What is Active and Passive Investing?
Active fund managers attempt to beat the market (or their particular benchmark) by picking and choosing among individual securities as well as deciding when to be fully invested or not. Passive fund managers (who are not, in our opinion, limited to index funds) focus on capturing the return of a market or market segment in a low-cost manner.
It is clear to us that the overwhelming majority of financial academic studies highlights the failure of the timing and selection that underlies active management. One such study is “Luck versus Skill in the Cross-Section of Mutual Fund Returns” by Eugene Fama (2013 Nobel Laureate in Economics) and Ken French published in the October 2010 issue of The Journal of Finance. The authors found that:
“The aggregate portfolio of actively managed U.S. equity mutual funds is close to the market portfolio, but the high costs of active management show up intact as lower returns to investors…few funds produce benchmark-adjusted expected returns sufficient to cover their costs.”
Not one to mince words, Professor Fama later remarked in an interview published in the Nov/Dec 2012 issue of the Financial Analysts Journal,
“An investor doesn't have a prayer of picking a manager that can deliver true alpha."
So how have active funds fared since this study was published?

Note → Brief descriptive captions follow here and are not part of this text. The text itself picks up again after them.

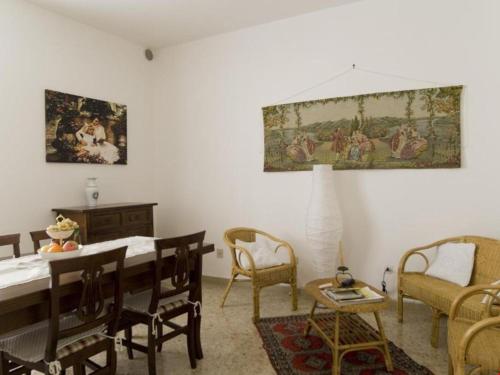 佩爾戈拉的住宿－La Rocca，一间设有桌椅和壁画的房间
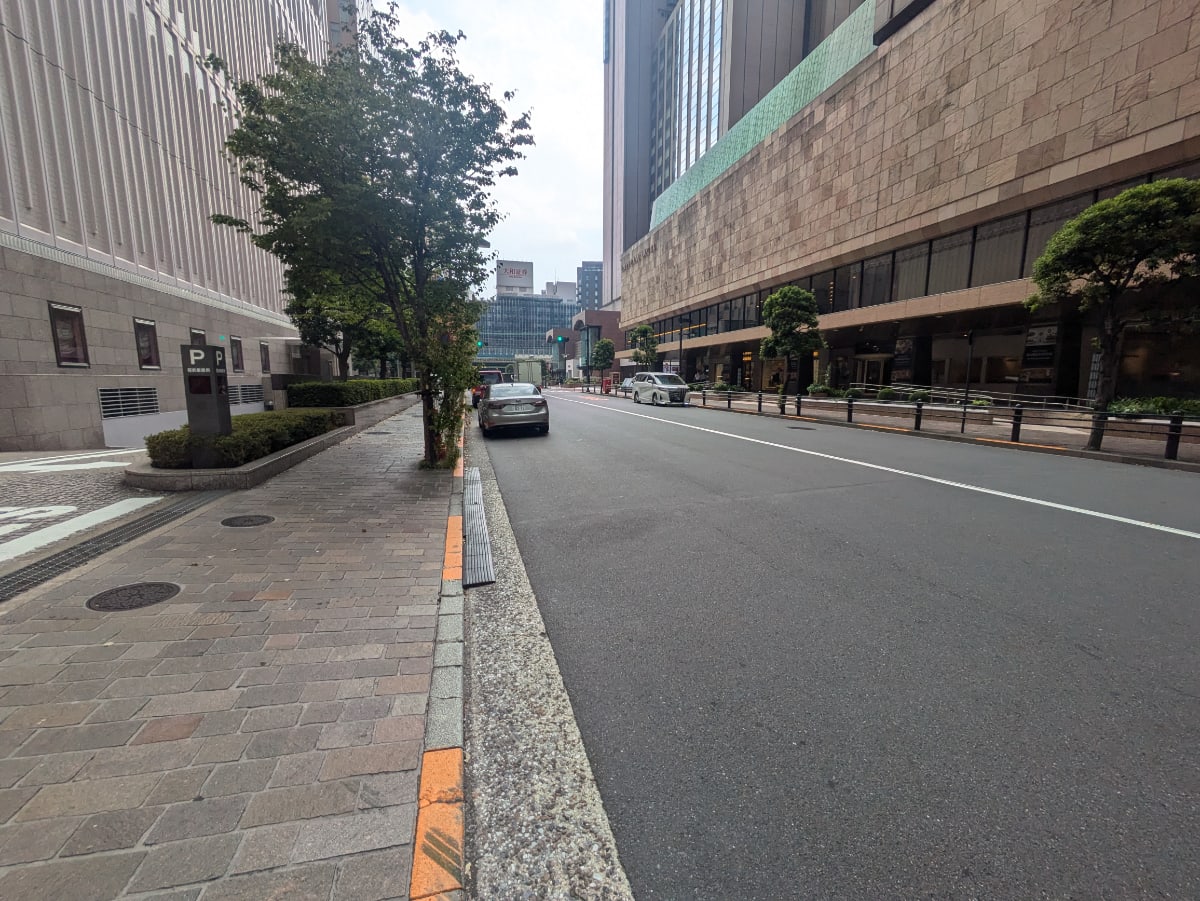 v20251014150839/fresh/building/J00100367900_2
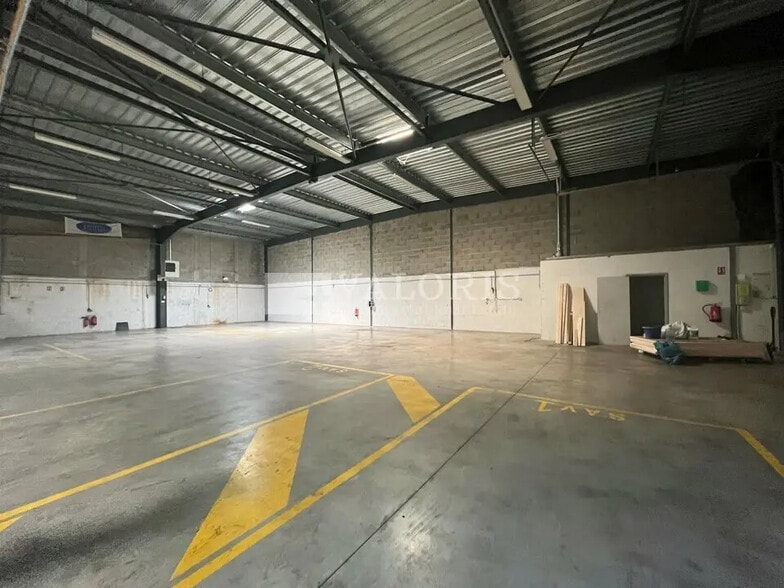 Flex in Saint-Priest for lease - Interior Photo - Image 2 of 3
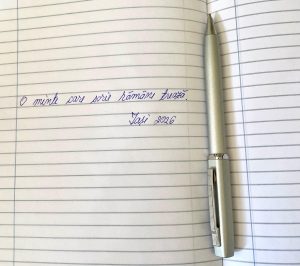 scrisul de mână: „O minte care scrie rămâne trează"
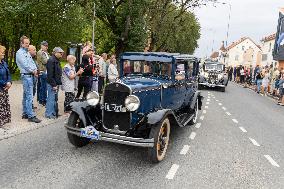 Vintage Vehicle Parade Baltic Chain 35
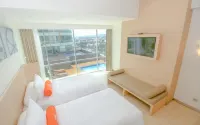 Harris Hotel Sentraland Hotels in Central Semarang
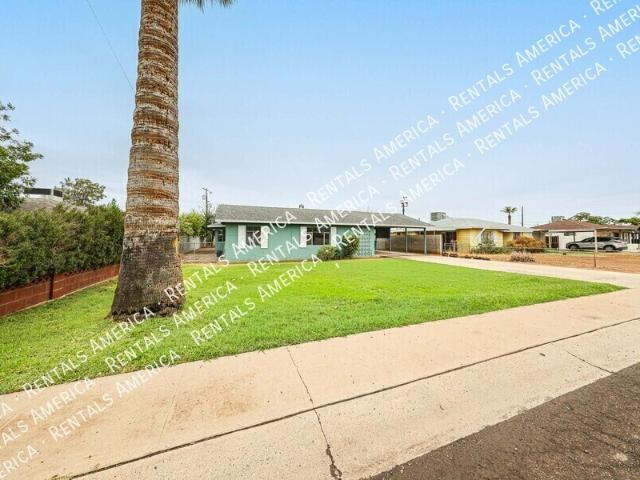 Charming Single Story 3 Bed Home in St. Gregory Nieghborhood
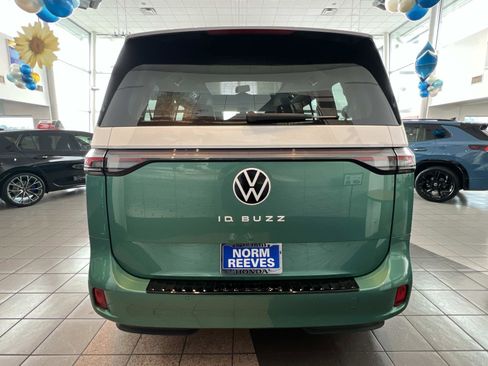 New 2025 Volkswagen ID. Buzz 1st Edition RWD image 4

The answer is provided by the SPIVA U.S. Scorecard published semi-annually by S&P Dow Jones Indices. The mid-year Scorecard for 2023 report was published on September 21, 2023 and is consistent with all the past versions in that it shows the majority of actively managed funds failing to beat a risk-appropriate benchmark. In general, the longer the evaluation period, the worse is the performance for active managers. The newly available twenty-year results are especially unfavorable with 94% of large-cap managers, 95% of mid-cap managers, and 94% of small-cap managers failing to beat their benchmarks. Likewise, over the twenty-year investment horizon, managers across all four international categories underperformed their benchmarks. Lastly, for fourteen categories of fixed income funds over the fifteen-year period, the results are the same (underperformance across the board). The companion report to the SPIVA U.S. Scorecard is the Persistence Scorecard, and it clearly shows that any outperformance observed tends to vanish over time. Wise investors refrain from playing the game of chasing the manager with the "hot hand." Acceptance of the superiority of passive over active is the essential first step in becoming a prudent investor.